Magníficas imágenes audiovisuales sobre Renfe se suceden durante el trayecto Madrid-Málaga en el Talgo 200. Son imágenes elegantes y casi provocan en mí la sensación de placer y de superioridad del que viaja en un vagón de primera.Pero la estación de Málaga-Renfe vino a poner fin al idílico trayecto de mi imaginación. Como en años anteriores, decidí coger un carrito con el que soportar el peso de las maletas hasta la parada de taxis. ¡Cuál fue mi plebeya sorpresa al toparme con que para moverlo tenía que introducir 200 pesetas! No obstante, todo hay que decirlo, se me premiaría con un 25% de la cuota si una vez utilizado lo colocaba en su sitio. Este detalle se debe a la empresa a la que Renfe ha transferido la competencia de los galerines (hasta el año pasado, un servicio gratuito).

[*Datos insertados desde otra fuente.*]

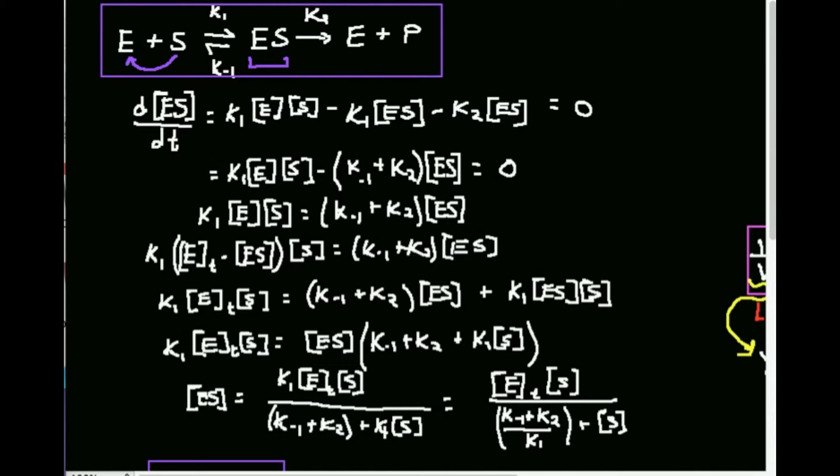Notice the enzyme plus the substrate is in equilibrium with the enzyme-substrate complex. Each direction of the equilibrium is governed by a constant: K1 and K-1. The enzyme-substrate complex, once formed and after the transition state, then undergoes a one-way reaction to give the enzyme and the product. The product forms and dissociates away from the enzyme, and this is governed by the rate constant K2.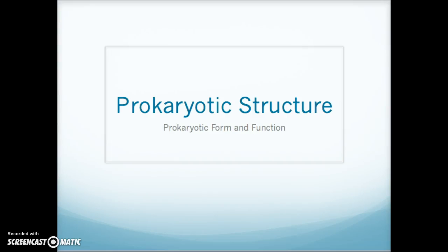This is the second lecture for our first week in Biology 106. I wanted to talk about prokaryotic structure a little bit more, and this would generally be speaking about bacteria.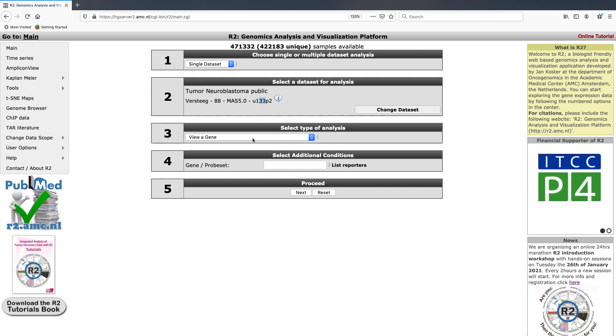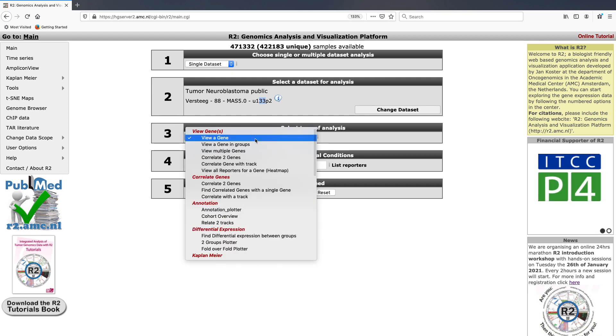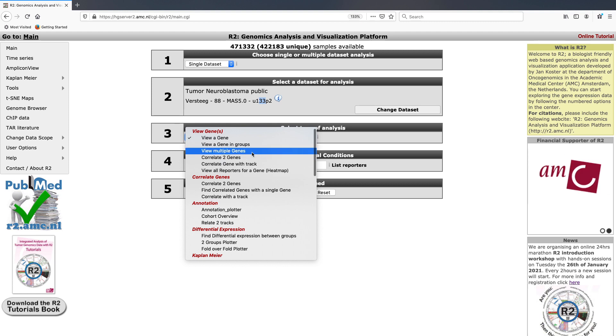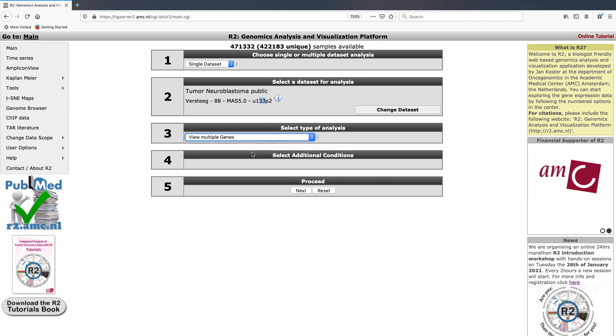We're going to select under the type of analysis, view multiple genes. So we're going to click next.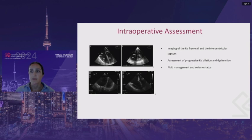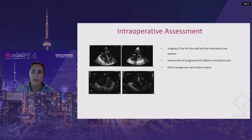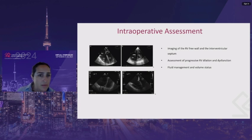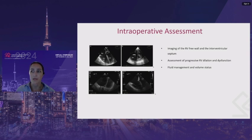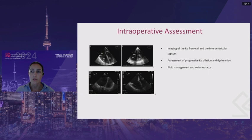Intraoperative TEE assessment: RV function should be continually assessed during a lung transplant. The PA cross clamp and associated increase in afterload may worsen pulmonary hypertension and cause RV failure or worsen RV dysfunction. RV failure is going to present typically with a small LV and a dilated RV, and as the RV enlarges, the interventricular septum will flatten and shift towards the LV. This will happen in both diastolic pressure and volume overload, respectively. Pre-existing RV hypertrophy may help maintain some contractility and cardiac output despite a cross clamp. TEE can assess response to inotropic support, inhaled nitric oxide, and volume. Patients often become hypovolemic in the setting of a restrictive fluid strategy, so TEE helps guide fluid management.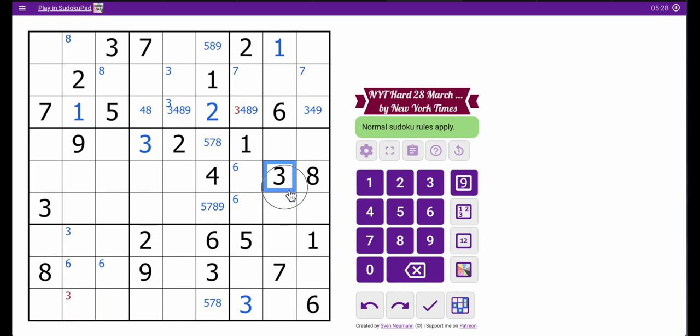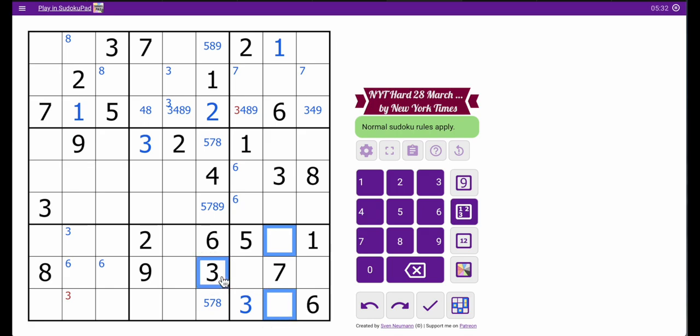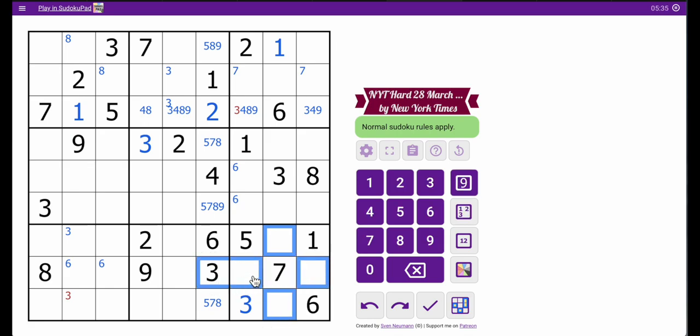The reason is, this 3 rules these two cells out. This 3 rules those two cells out. 1, 2, 3, 4 cells are ruled out. Where does 3 go? The only place it's left.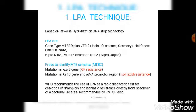The second LPA kit is NIPRO ANTIM MDR-TB K2, made in Japan by NIPRO. The probes identify MTB complex, mutations in the rpoB gene used for rifampicin resistance, and mutations in katG or the inhA promoter region for isoniazid resistance. WHO recommends the use of LPA as a rapid diagnostic test for detection of rifampicin and isoniazid resistance directly from a specimen or bacterial isolate, and it is also recommended by RNTCP.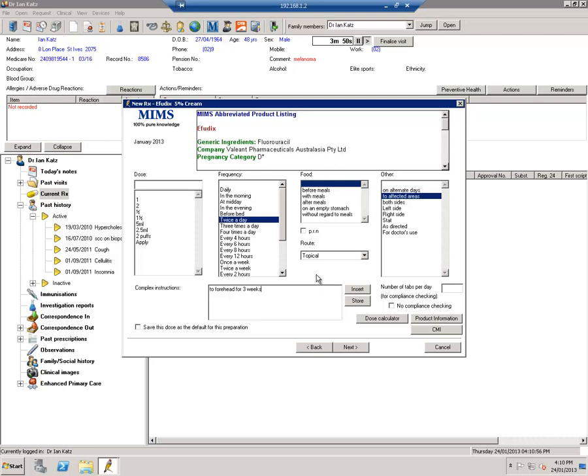So the important facts are try not to use it in summer. Try to use it on small areas rather than large areas. Make sure you see the patients after two weeks if they're inexperienced in using Efudex and then tell them whether to use it the last week.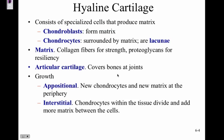Cartilage can grow two different ways: appositional growth and interstitial growth. Appositional growth is when new chondrocytes and new matrix are made on the periphery — growing wider or longer on the outside. Interstitial growth is within the tissue, where more matrix forms between the cells.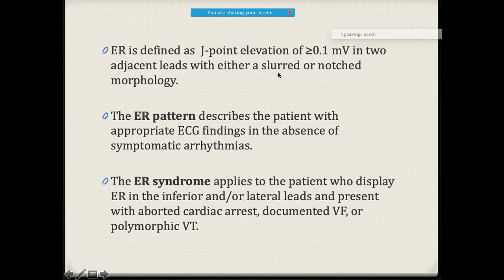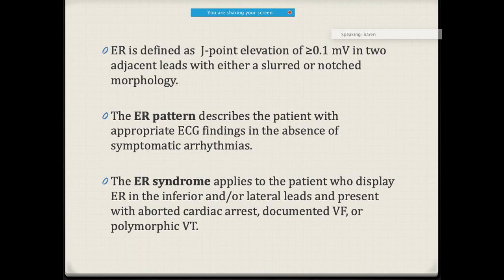So, more than 0.1 millivolt — so 1 millivolt — if you notice between two adjacent leads and there is a slurring or notching morphology, if it is more than 0.1 millivolt, that itself you'll be calling it as J-point elevation. A lot of times you will come across patients who are not having symptomatic arrhythmias. Similarly, in early repolarization syndrome it tends to apply for patients who display early repolarization mostly in the inferior and/or lateral leads, where they have had a history of aborted cardiac arrest, documented ventricular fibrillation, or even polymorphic VT.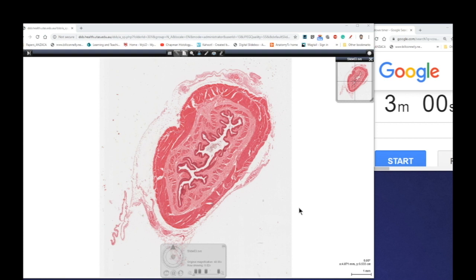G'day everyone, Jamie Chapman here for another episode of 3 Minute Histology. In this video we're going to be continuing our look at epithelial tissue, and in particular this video is going to focus on stratified squamous non-keratinized epithelium. Stratified means it's multiple layers thick. Squamous means the surface cells near the lumen are flattened like scales. Non-keratinized means the cells have not undergone cell death and we find nuclei all the way to the surface.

Tuve además la oportunidad de enfrentarme a la lujosa experiencia de pagar 160 pesetas por una lata de coca-cola en el bar de la estación. Como el mismo camarero me dijo, con ello estaba pagando "un servicio personal, así como la garantía de recibir la lata a cambio del dinero", dado que las máquinas podían quedarse Pasa a la página siguiente Viene de la página anterior con el dinero y con la lata. El caso es que, anonadada, pagué 160 pesetas por la misma lata que en la máquina me costaría 125, y que en el supermercado me compro por 42 pesetas. Pero lo pagué con gusto, porque el camarero estaba en lo cierto; las máquinas de la estación no funcionaban y precisamente por eso yo había decidido entrar en el bar a pedirla.

Mis aventuras como plebeya no terminaron allí. Por suerte, a la vuelta de mis vacaciones volví a coger otro carrito, más que nada por no privarme del lujo que supone no lastimarme la espalda. Pero ¡cuál fue mi sorpresa en esta ocasión!: al intentar colocar el galerín pude comprobar que la barra en la que se reponen estaba completa y no admitía más carros, o lo que es lo mismo, no daba más premios de 50 pesetas. Evidentemente, tampoco podía sacar el carro del andén, puesto que una vez que llega el tren a la vía quedan acotadas y restringidas la entrada y salida de los pasajeros al andén correspondiente. Conté el número de carros que caben en la barra destinada a su aparcamiento: 24, y 13 quedaron en el andén sin premiar.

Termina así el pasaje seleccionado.